● **Problem**: The copy should hold only the line containing "dentist crafting a dental bridge" and the lines after it through the end of the material, each exact, with no pictures.

● **Data section**:

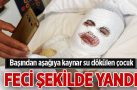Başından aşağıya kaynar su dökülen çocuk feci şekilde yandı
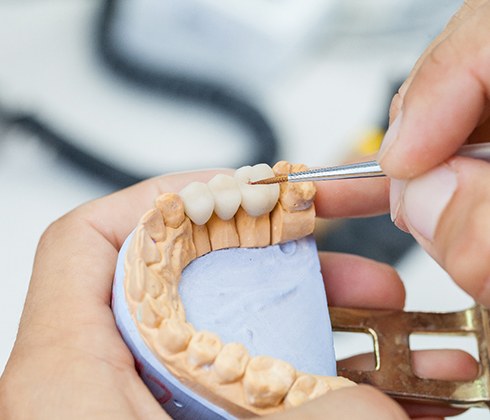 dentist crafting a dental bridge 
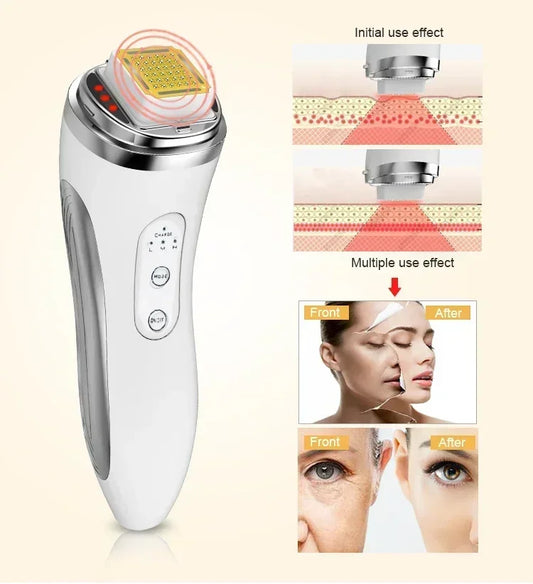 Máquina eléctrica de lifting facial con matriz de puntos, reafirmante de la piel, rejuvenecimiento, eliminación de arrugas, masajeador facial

● **Output below**:
 dentist crafting a dental bridge 
 Máquina eléctrica de lifting facial con matriz de puntos, reafirmante de la piel, rejuvenecimiento, eliminación de arrugas, masajeador facial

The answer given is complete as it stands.